Oct 132012
 

We are in the middle of a 5 day patch of windy weather here in the Keys.  A front of some kind moved in and the winds have kicked up to 20 to 25 knots and gusty.  Seas have also increased to 5 to 8 feet out beyond the reef line.  For those living on land, all this is meaningless.  A few things might blow around in the back yard but other than that it’s just a windy weekend.  For those of us living on the water, it’s a bit different.

If your living quarters are floating or even if you make your living on the water, you are always keeping an eye on the weather.  When the winds and seas kick up like they are doing this weekend, then you have to take some extra precautions.  Most likely, especially with a boat the size of the Fritter, staying safe in port is the best option.  Trying to go out in these kinds of heavy seas and winds is not just dangerous, it’s stupid too.  I’ve seen more than a few vessels head out in weather like this, charters, fisherman, etc. simply because they don’t want to lose out on the money they would make.  If they are taking out passengers they may well get paid, but there will be many an unhappy customer hanging over the side or just trying to hang on.  But, money is money.   It does keep the Coast Guard busy though.

The Coast Guard and the National Weather service do rank windy conditions similar to the way hurricanes are ranked.  You have the mild “Small craft should exercise caution”, which means if you are in a smaller boat, or don’t have a lot of sailing experience, then stay close to shore or on land.  The next is a, “Small Craft Advisory”.  This means most small vessels need to stay in port or someplace safe.  Unless you have a larger vessel capable of handling the rough conditions and a lot of sailing experience, then you have no need to be out there.  That is the current warning we have in place for the winds that are blowing this weekend.  Then there is the, “Small Craft Warning”.  Usually in association with a tropical storm or really severe weather.  This means that unless you have U.S.N. on the side of your vessel, your ass better be high and dry on land.  Then of course there is the worst warning of all, the classic, “Here, hold my beer and watch this!” warning.  This is when some idiot thinks they are capable of defeating nature, the ocean, and Darwin.  Most of the time they will lose out to all three…and deservedly so.

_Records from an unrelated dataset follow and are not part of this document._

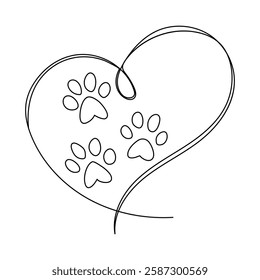 Paw footprints of dog or cat continuous single line drawing vector illustration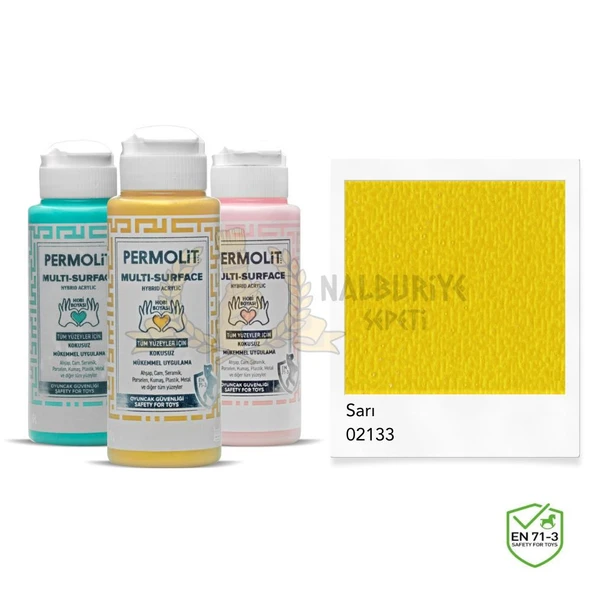 Permolit Multi Surface Akrilik Hobi Boyası SARI 120 ml. ürün görseli 1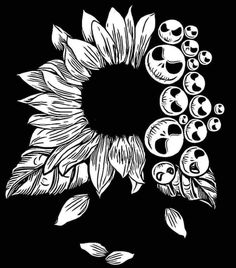 a black and white drawing of a sunflower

For those smart enough to stay in port, weather like this still has an effect, depending on where you are docked and from where the wind is coming from.  You need to check and reset all your dock lines, tie down anything that may flap a bit too much or blow overboard…like my bicycle, and generally be ready to replace or retie something if it comes loose.  A lot of times weather systems like this one are accompanied by higher than usual tides, as is also happening right now.  That also means you might have to adjust some lines and keep an eye on things.

But, you will be happy to know the Fritter is handling this current weather just fine.  In fact, it’s kind of pleasant out.  The winds have knocked the heat down a bit and I am able to open up the hatches and let some breeze through, while shutting off the ac.  The winds are also blowing out of the northeast.  Since I have a new neighbor with a really high houseboat sitting on my east side, all the main wind is blocked by her boat.  So while I am rocking a little bit, the main force of the wind is not having any ill effects.

This will be the typical weather pattern from now until the spring.  Winter in the Keys means a steady stream of cold fronts coming in with very brief periods of thunderstorms followed by a few days of windy weather and mild temperatures.  Maybe once or twice we might get a real cold front that will drop the temps into the 40’s but they are extremely rare.  For most of the winter it will be clear skies, lots of sunshine, and comfortable temperatures.

Enjoy your winter storm warnings.

Capt. Fritter

  2 Responses to “Living Aboard, Windy Weather…”

  1. I recently stumbled across a website called The Boat Galley which opened my eyes to a whole new part of your world. As an RVer I am used to having to stow things for moving but we never cooked while moving!

    We do consider winds when deciding whether or not to travel and, sometimes, which direction to face our RV when parking. Here’s a good site for considering that which is also fun to just see: http://hint.fm/wind/index.html

  2. Thanks for the links, Linda, I’ve added them to the resources page.
    They are saying now that wind power is becoming the cleanest and cheapest source of energy on the planet. Even more than solar.